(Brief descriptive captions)

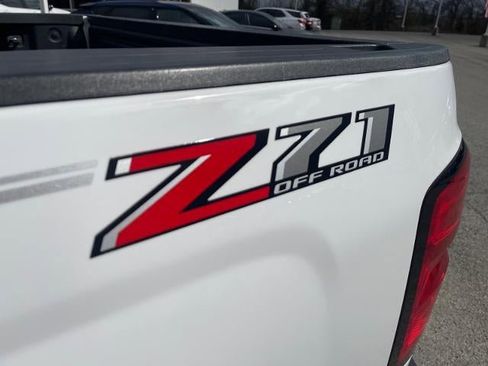 Used 2018 Chevrolet Silverado 1500 LT w/ All Star Edition image 18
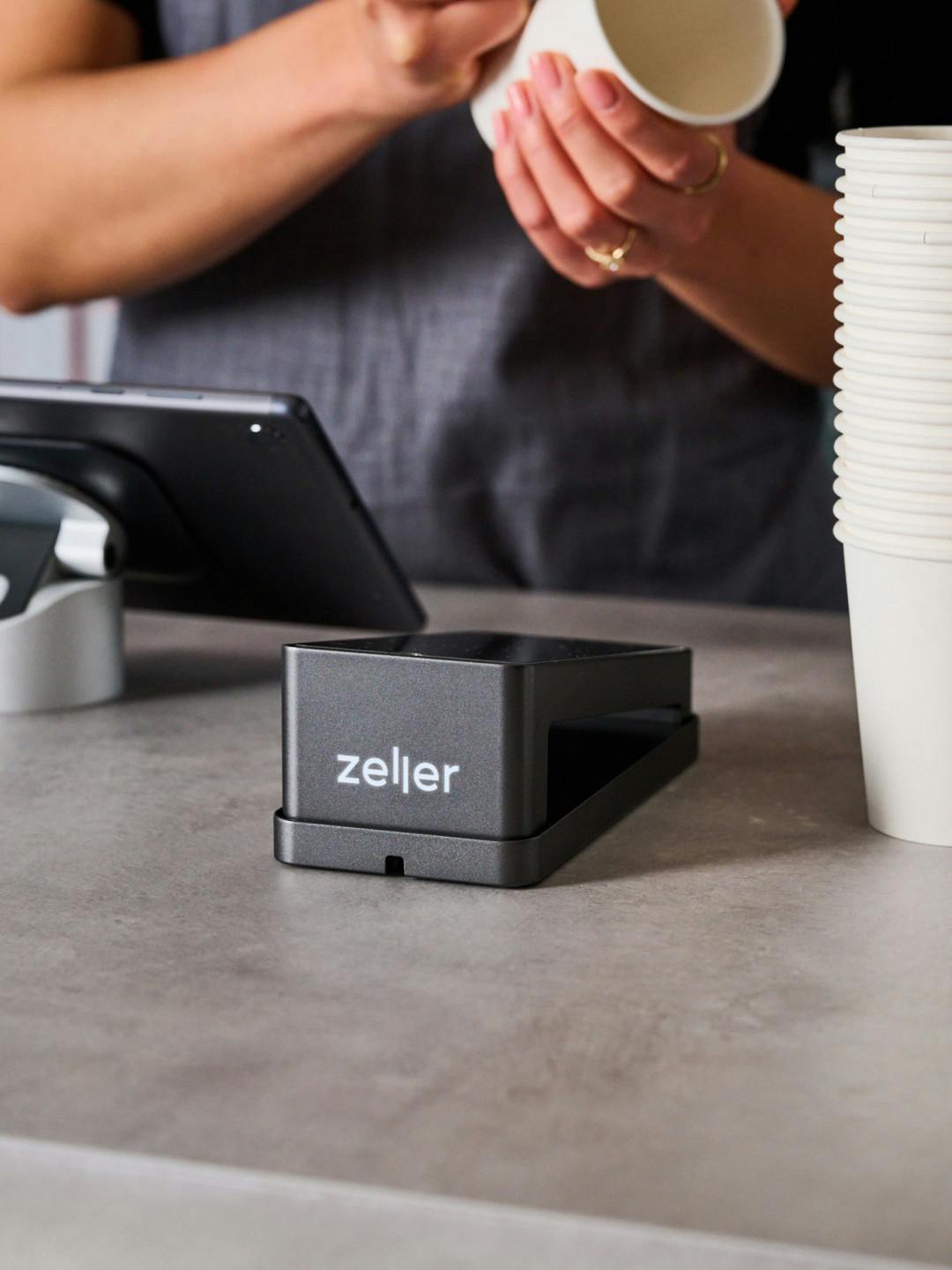 Zeller Charging Dock in Graphite (T2)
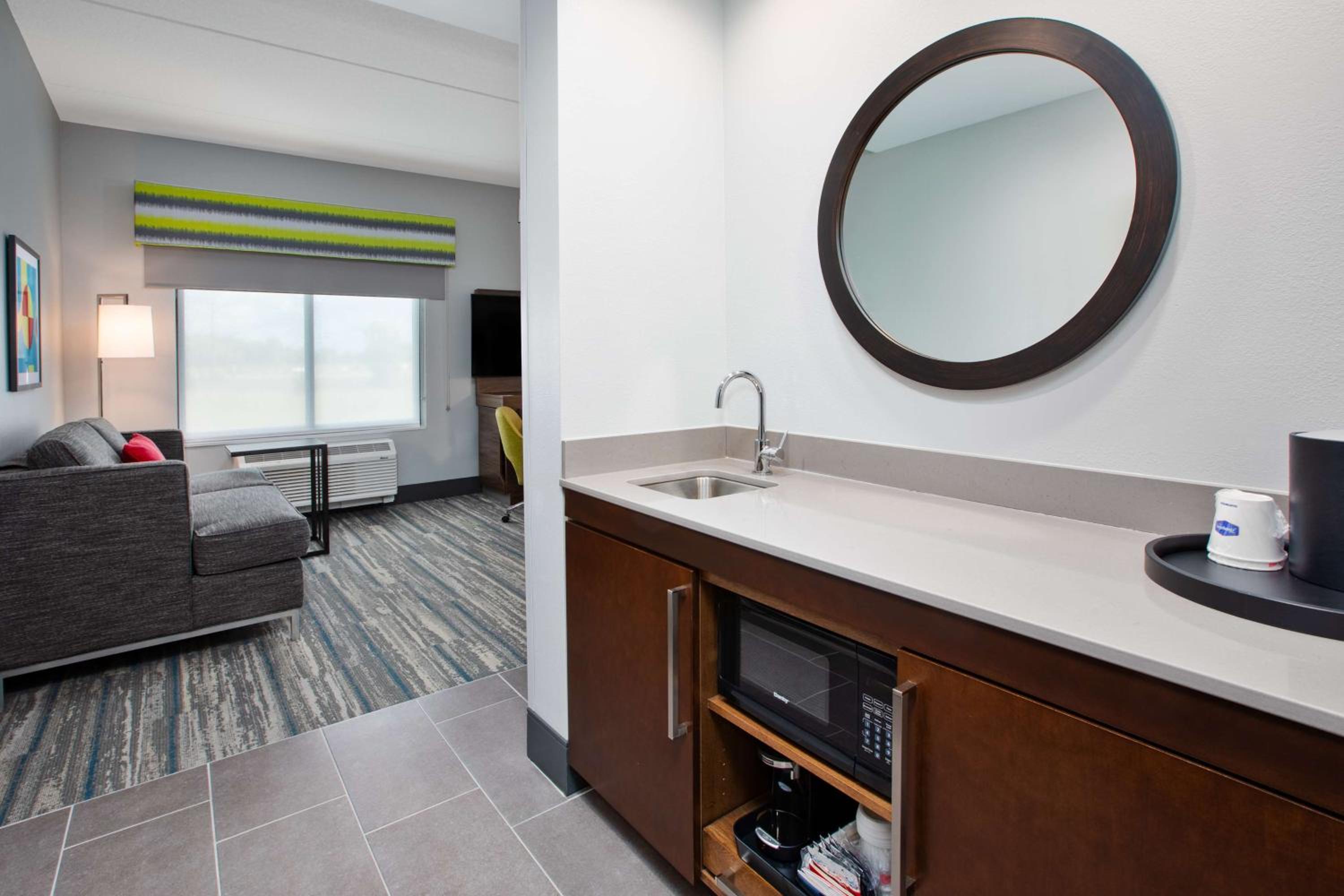 King Studio Suite - Photo 3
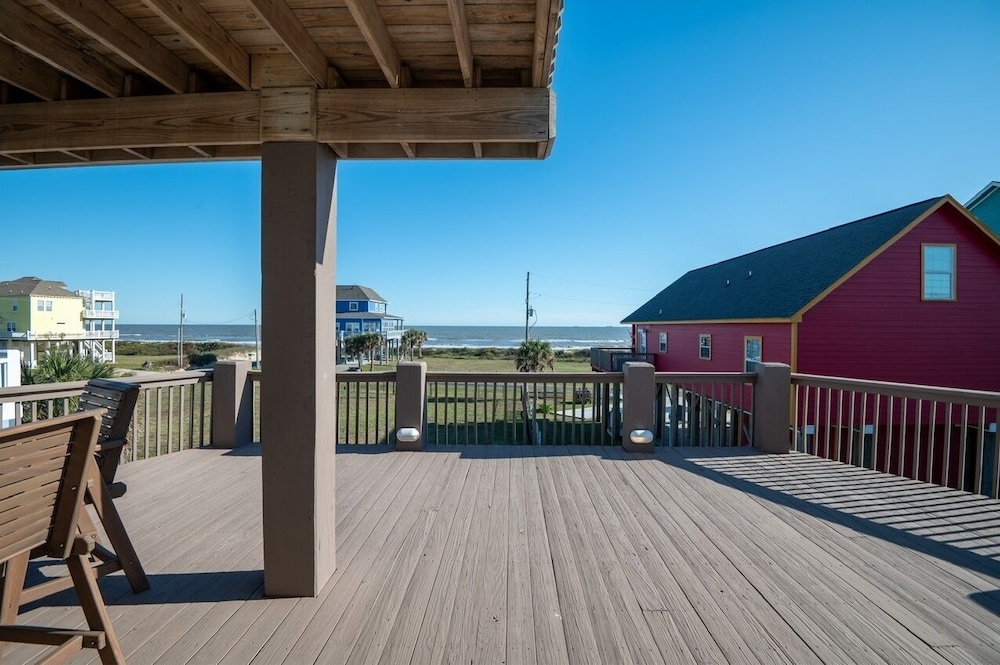 Deja View 3 Bedroom Home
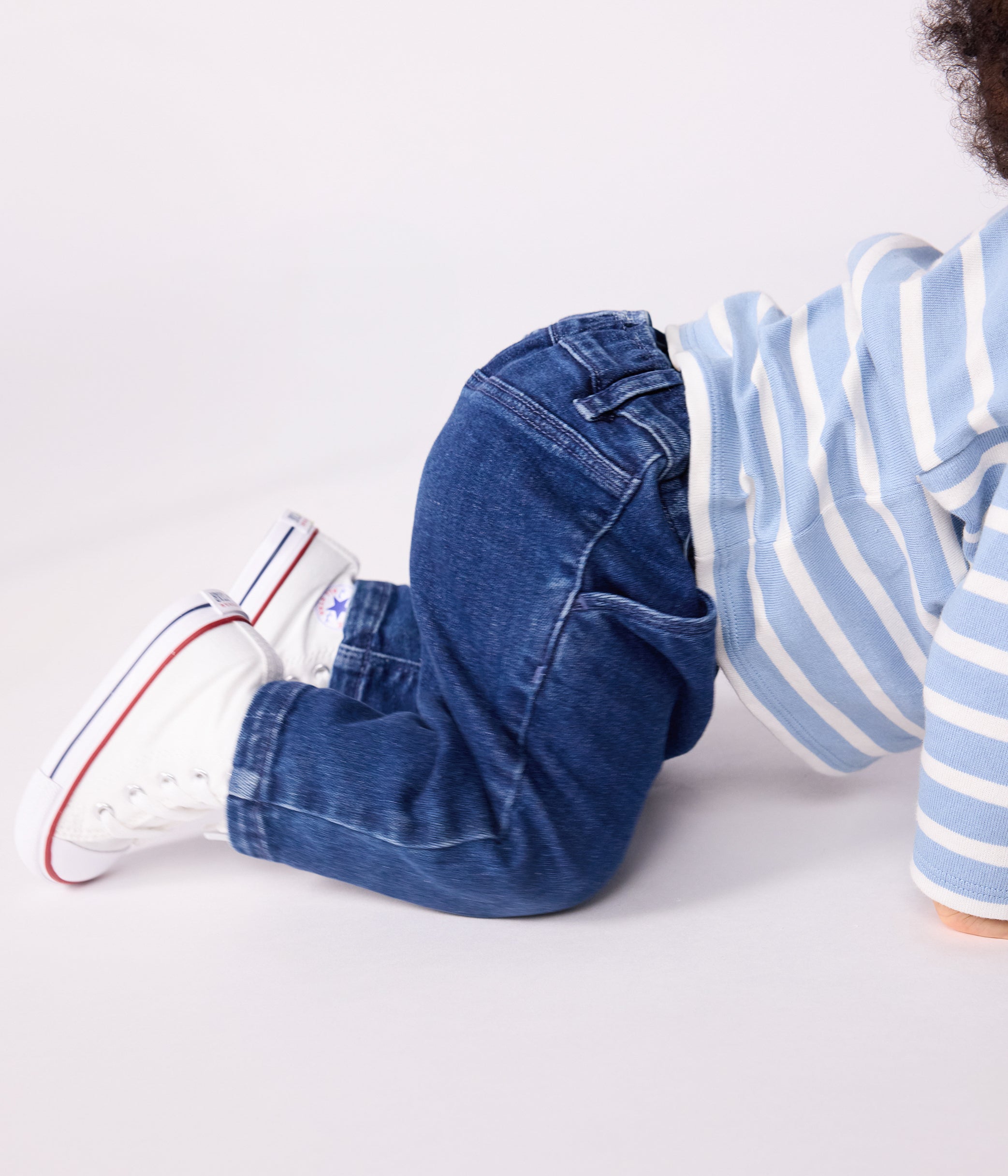 pantalon-bébé-en-denim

Activity:
The records above should be reproduced exactly, with no pictures included.

Your solution:
 Used 2018 Chevrolet Silverado 1500 LT w/ All Star Edition image 18
 Zeller Charging Dock in Graphite (T2)
 King Studio Suite - Photo 3
 Deja View 3 Bedroom Home
 pantalon-bébé-en-denim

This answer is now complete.